▶ Task
Your task is to return all the entries below exactly, with every picture omitted.

▶ Dataset records
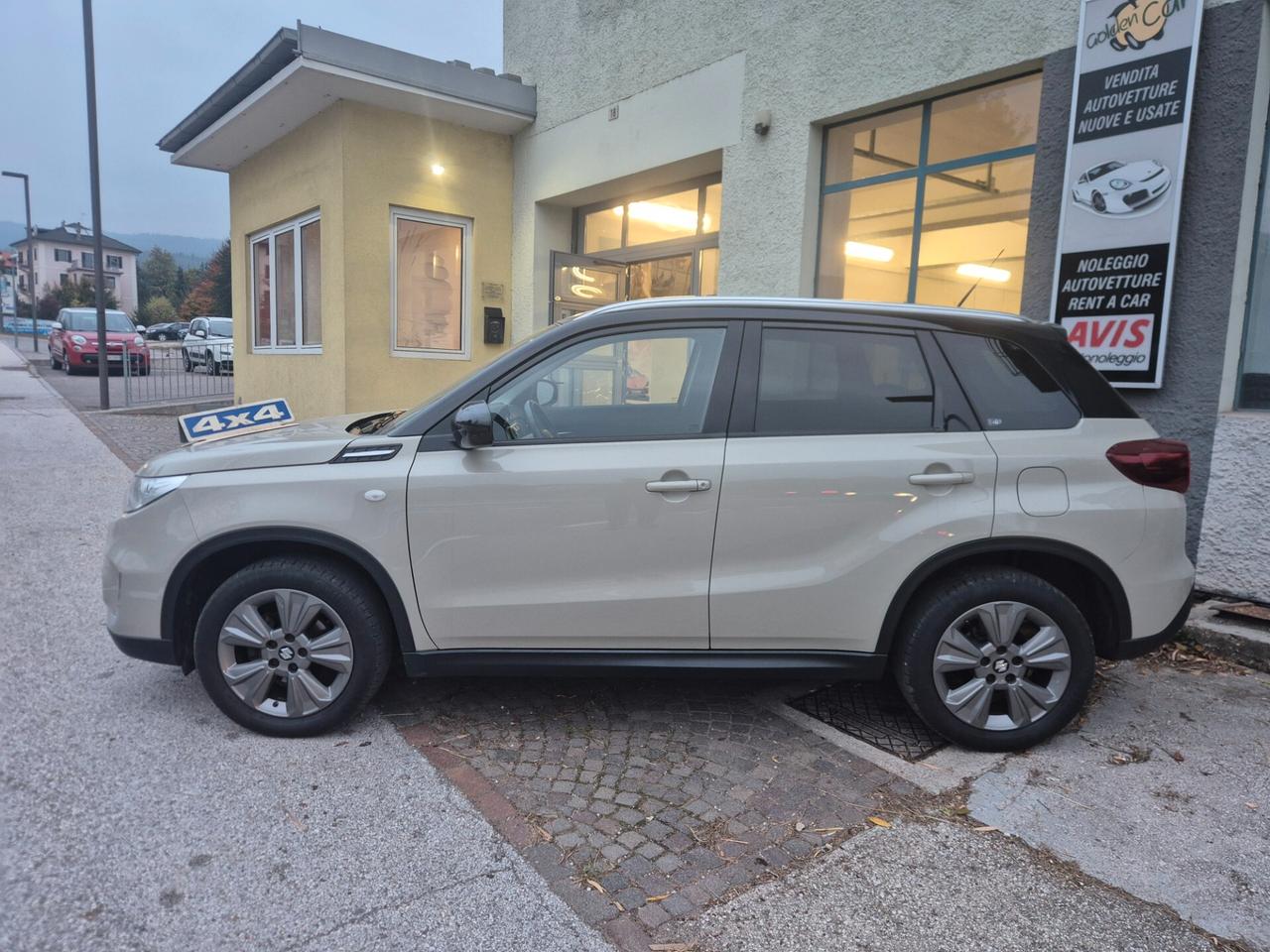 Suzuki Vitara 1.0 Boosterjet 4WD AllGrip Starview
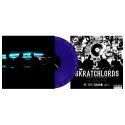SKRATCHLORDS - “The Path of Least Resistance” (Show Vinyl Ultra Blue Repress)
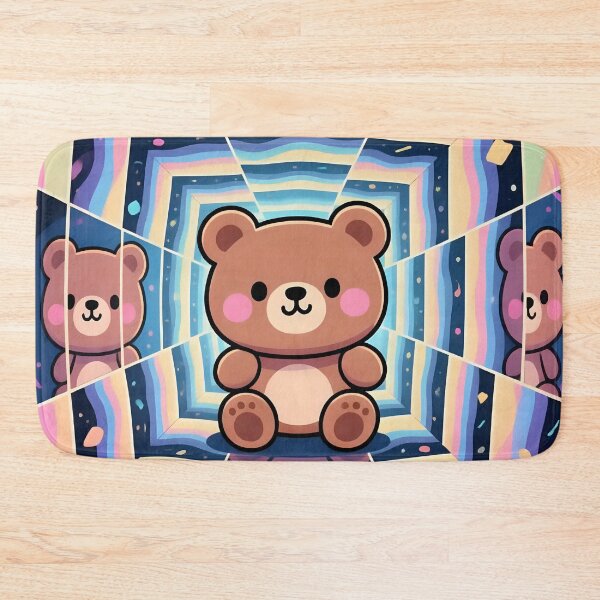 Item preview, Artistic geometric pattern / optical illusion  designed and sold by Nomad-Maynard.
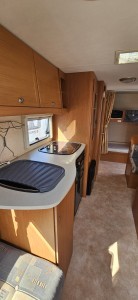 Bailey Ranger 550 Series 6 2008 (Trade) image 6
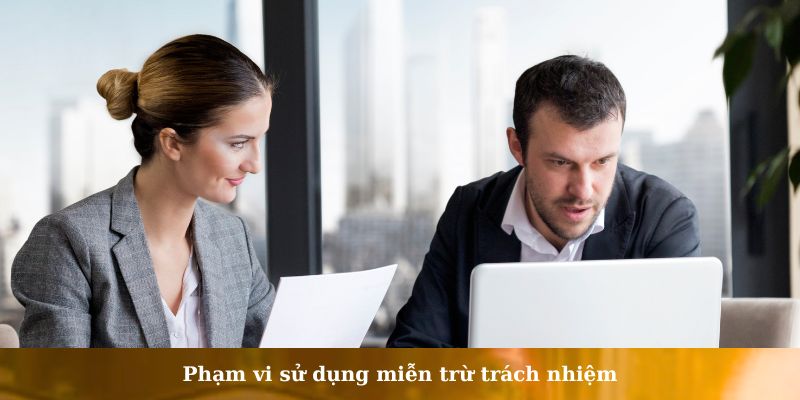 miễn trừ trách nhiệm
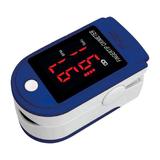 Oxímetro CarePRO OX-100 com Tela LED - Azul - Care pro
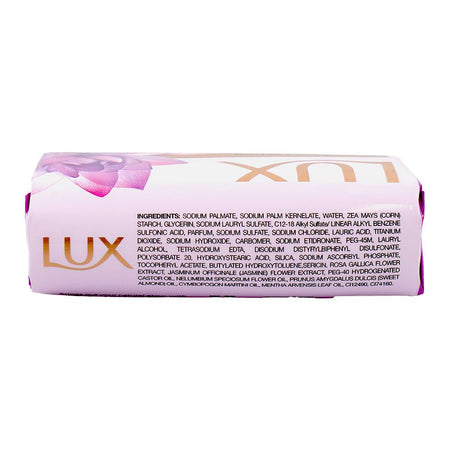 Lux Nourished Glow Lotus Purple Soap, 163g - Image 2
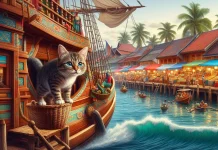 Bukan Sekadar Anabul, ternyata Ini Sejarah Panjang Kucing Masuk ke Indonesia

▶ Written response
 Suzuki Vitara 1.0 Boosterjet 4WD AllGrip Starview
SKRATCHLORDS - “The Path of Least Resistance” (Show Vinyl Ultra Blue Repress)
 Item preview, Artistic geometric pattern / optical illusion  designed and sold by Nomad-Maynard.
 Bailey Ranger 550 Series 6 2008 (Trade) image 6
 miễn trừ trách nhiệm
 Oxímetro CarePRO OX-100 com Tela LED - Azul - Care pro
 Lux Nourished Glow Lotus Purple Soap, 163g - Image 2
 Bukan Sekadar Anabul, ternyata Ini Sejarah Panjang Kucing Masuk ke Indonesia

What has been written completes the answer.